# Given entries
————————

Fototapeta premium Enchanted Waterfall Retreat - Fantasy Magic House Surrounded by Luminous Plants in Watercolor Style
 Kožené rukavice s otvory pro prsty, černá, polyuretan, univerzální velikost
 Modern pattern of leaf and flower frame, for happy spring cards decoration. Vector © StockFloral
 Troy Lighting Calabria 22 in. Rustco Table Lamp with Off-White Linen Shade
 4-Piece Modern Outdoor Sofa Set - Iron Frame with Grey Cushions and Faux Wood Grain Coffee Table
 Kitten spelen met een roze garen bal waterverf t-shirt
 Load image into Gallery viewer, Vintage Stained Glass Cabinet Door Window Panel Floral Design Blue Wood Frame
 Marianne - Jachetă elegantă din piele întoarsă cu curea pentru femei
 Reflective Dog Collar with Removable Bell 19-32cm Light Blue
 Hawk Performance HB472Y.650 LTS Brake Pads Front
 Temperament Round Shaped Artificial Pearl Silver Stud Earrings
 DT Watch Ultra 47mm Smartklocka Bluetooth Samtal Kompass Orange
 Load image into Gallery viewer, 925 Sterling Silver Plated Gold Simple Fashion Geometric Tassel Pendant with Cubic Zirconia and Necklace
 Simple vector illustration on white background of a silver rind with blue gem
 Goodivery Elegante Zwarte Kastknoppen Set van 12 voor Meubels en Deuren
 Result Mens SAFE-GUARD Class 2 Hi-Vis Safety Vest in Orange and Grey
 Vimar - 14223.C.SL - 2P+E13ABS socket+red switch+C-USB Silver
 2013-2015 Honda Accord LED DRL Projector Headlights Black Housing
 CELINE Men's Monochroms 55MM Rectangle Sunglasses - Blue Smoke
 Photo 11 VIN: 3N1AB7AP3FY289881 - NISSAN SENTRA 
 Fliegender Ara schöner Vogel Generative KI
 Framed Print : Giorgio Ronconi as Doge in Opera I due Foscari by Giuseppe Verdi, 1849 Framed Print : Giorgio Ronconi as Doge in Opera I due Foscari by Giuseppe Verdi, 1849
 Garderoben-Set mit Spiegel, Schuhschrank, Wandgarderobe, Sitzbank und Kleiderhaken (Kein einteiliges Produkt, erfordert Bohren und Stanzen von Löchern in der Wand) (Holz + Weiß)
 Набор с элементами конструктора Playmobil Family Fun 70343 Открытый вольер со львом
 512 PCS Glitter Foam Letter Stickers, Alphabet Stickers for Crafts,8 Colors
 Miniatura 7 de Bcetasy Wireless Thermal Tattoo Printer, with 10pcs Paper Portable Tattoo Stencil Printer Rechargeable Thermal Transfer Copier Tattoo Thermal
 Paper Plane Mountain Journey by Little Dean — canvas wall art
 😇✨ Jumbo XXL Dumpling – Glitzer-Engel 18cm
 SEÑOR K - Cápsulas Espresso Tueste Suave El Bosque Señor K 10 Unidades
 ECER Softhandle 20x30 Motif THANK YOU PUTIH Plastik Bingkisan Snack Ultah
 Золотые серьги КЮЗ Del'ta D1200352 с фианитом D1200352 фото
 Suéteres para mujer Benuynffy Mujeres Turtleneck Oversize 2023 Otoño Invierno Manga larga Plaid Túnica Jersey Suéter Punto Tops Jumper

————————

# Requirement
Each record shown above must be printed once more, exactly.

# Solution to this task
Fototapeta premium Enchanted Waterfall Retreat - Fantasy Magic House Surrounded by Luminous Plants in Watercolor Style
 Kožené rukavice s otvory pro prsty, černá, polyuretan, univerzální velikost
 Modern pattern of leaf and flower frame, for happy spring cards decoration. Vector © StockFloral
 Troy Lighting Calabria 22 in. Rustco Table Lamp with Off-White Linen Shade
 4-Piece Modern Outdoor Sofa Set - Iron Frame with Grey Cushions and Faux Wood Grain Coffee Table
 Kitten spelen met een roze garen bal waterverf t-shirt
 Load image into Gallery viewer, Vintage Stained Glass Cabinet Door Window Panel Floral Design Blue Wood Frame
 Marianne - Jachetă elegantă din piele întoarsă cu curea pentru femei
 Reflective Dog Collar with Removable Bell 19-32cm Light Blue
 Hawk Performance HB472Y.650 LTS Brake Pads Front
 Temperament Round Shaped Artificial Pearl Silver Stud Earrings
 DT Watch Ultra 47mm Smartklocka Bluetooth Samtal Kompass Orange
 Load image into Gallery viewer, 925 Sterling Silver Plated Gold Simple Fashion Geometric Tassel Pendant with Cubic Zirconia and Necklace
 Simple vector illustration on white background of a silver rind with blue gem
 Goodivery Elegante Zwarte Kastknoppen Set van 12 voor Meubels en Deuren
 Result Mens SAFE-GUARD Class 2 Hi-Vis Safety Vest in Orange and Grey
 Vimar - 14223.C.SL - 2P+E13ABS socket+red switch+C-USB Silver
 2013-2015 Honda Accord LED DRL Projector Headlights Black Housing
 CELINE Men's Monochroms 55MM Rectangle Sunglasses - Blue Smoke
 Photo 11 VIN: 3N1AB7AP3FY289881 - NISSAN SENTRA 
 Fliegender Ara schöner Vogel Generative KI
 Framed Print : Giorgio Ronconi as Doge in Opera I due Foscari by Giuseppe Verdi, 1849 Framed Print : Giorgio Ronconi as Doge in Opera I due Foscari by Giuseppe Verdi, 1849
 Garderoben-Set mit Spiegel, Schuhschrank, Wandgarderobe, Sitzbank und Kleiderhaken (Kein einteiliges Produkt, erfordert Bohren und Stanzen von Löchern in der Wand) (Holz + Weiß)
 Набор с элементами конструктора Playmobil Family Fun 70343 Открытый вольер со львом
 512 PCS Glitter Foam Letter Stickers, Alphabet Stickers for Crafts,8 Colors
 Miniatura 7 de Bcetasy Wireless Thermal Tattoo Printer, with 10pcs Paper Portable Tattoo Stencil Printer Rechargeable Thermal Transfer Copier Tattoo Thermal
 Paper Plane Mountain Journey by Little Dean — canvas wall art
 😇✨ Jumbo XXL Dumpling – Glitzer-Engel 18cm
 SEÑOR K - Cápsulas Espresso Tueste Suave El Bosque Señor K 10 Unidades
 ECER Softhandle 20x30 Motif THANK YOU PUTIH Plastik Bingkisan Snack Ultah
 Золотые серьги КЮЗ Del'ta D1200352 с фианитом D1200352 фото
 Suéteres para mujer Benuynffy Mujeres Turtleneck Oversize 2023 Otoño Invierno Manga larga Plaid Túnica Jersey Suéter Punto Tops Jumper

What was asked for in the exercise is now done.